Material provided:
++++

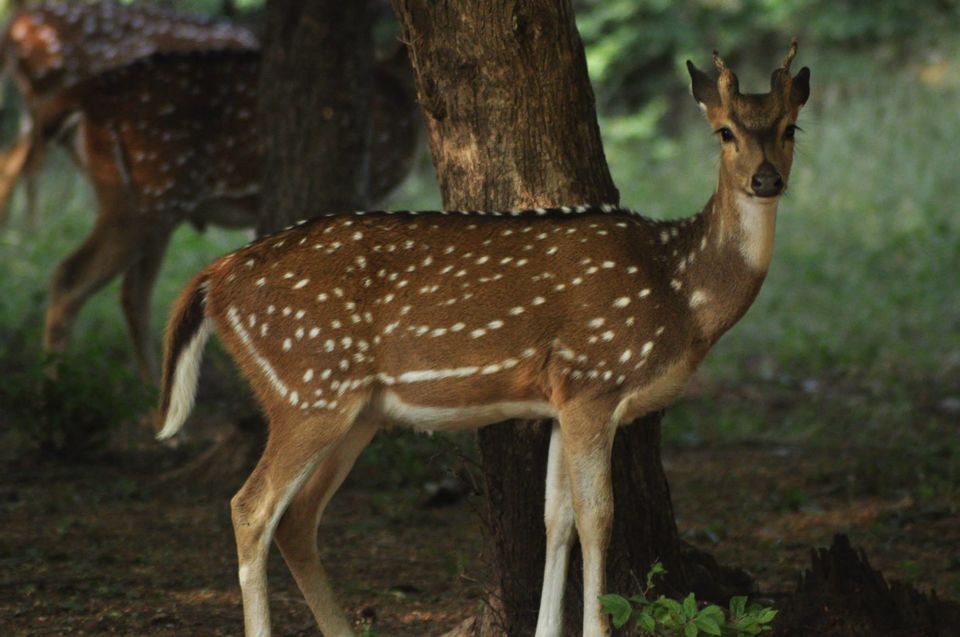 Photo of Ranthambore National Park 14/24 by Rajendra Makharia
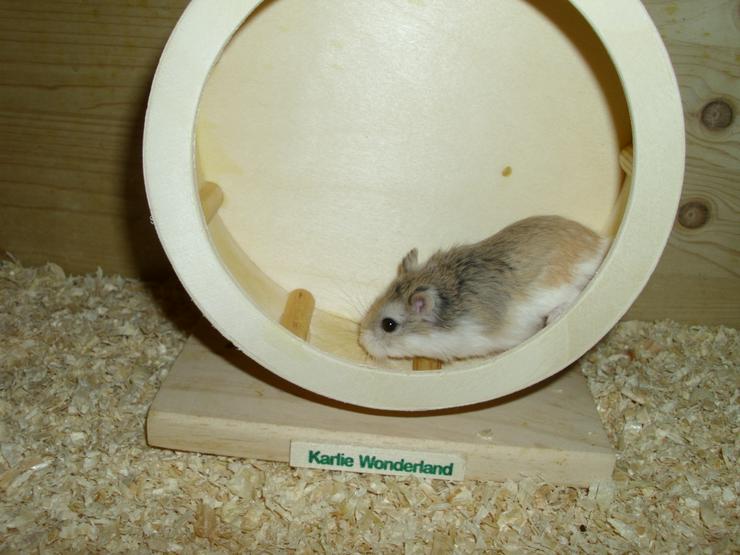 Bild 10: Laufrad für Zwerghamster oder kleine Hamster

++++

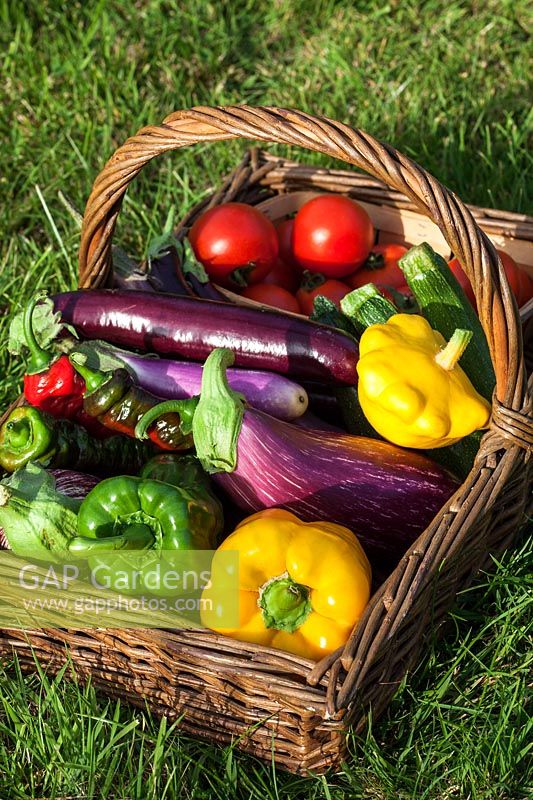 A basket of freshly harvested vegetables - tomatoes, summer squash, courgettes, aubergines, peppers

++++

A word-for-word reproduction is needed of the lines above from the line containing "Photo of Ranthambore" through the line containing "Bild 10: Laufrad", with both ends kept and no pictures.

Exercise result:
 Photo of Ranthambore National Park 14/24 by Rajendra Makharia
 Bild 10: Laufrad für Zwerghamster oder kleine Hamster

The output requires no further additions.